Protection against crime
Crimes committed against women are subject to severe penalties under the law, covering all acts of violence committed against women (moral, physical, economic, psychological, and sexual).
One particularly notable innovation is the cancellation of Article 227 B of the Penal Code, which allowed a molester to escape sanctions if he agreed to marry a victim who was a minor (under the age of 15).
The new law maintains and enhances the penalties against molesters even if the victim (less than 16 years of age) withdraws the complaint, and does not consider this issue of marriage whatsoever.
This law considers economic discrimination at work as a crime, and this is subject to penalties in the form of appropriate fines.
The employment of children in a domestic situation is subject to a term of imprisonment from three to six months, plus a fine.

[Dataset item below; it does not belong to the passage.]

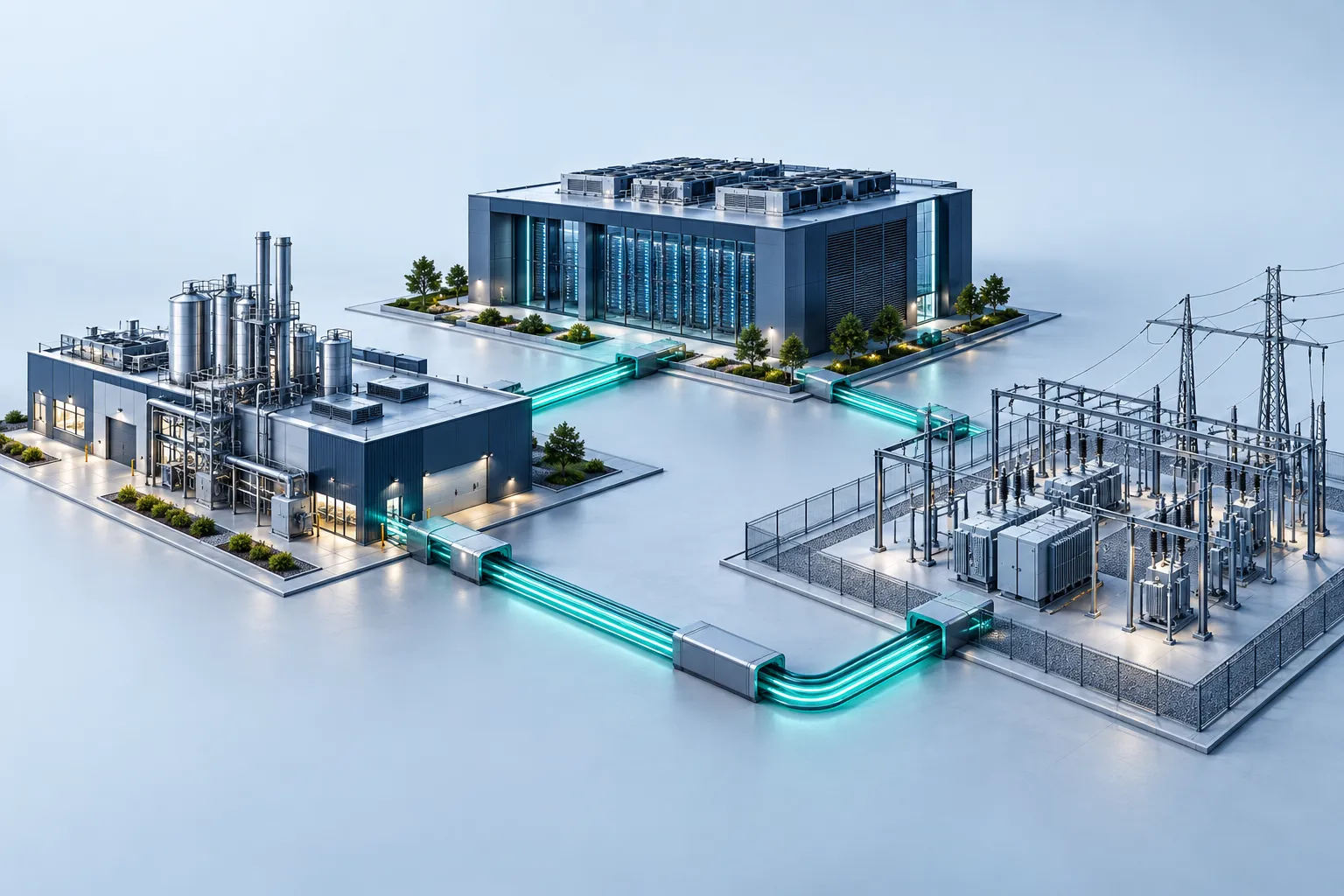 A compact industrial facility, a commercial data center and a utility substation connected by protected teal paths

The principle measures of enforcement
- The creation of an independent division within the courts reserved for misdemeanours and crimes involving violence.
- The creation in the different regions of secure units (with women among its members) specialising in crimes of violence against women. The law defines the measures to be taken in support of women who are victims of violence:
- Assistance in cases of physical, psychological, moral, and sexual injury and damage.
- Providing shelter for the victim of violence and her children.
- Presence of a psychiatrist or social assistance in certain cases of complaints.
- Creation of a national watchdog body for fighting against violence towards women, with far-reaching resources and powers.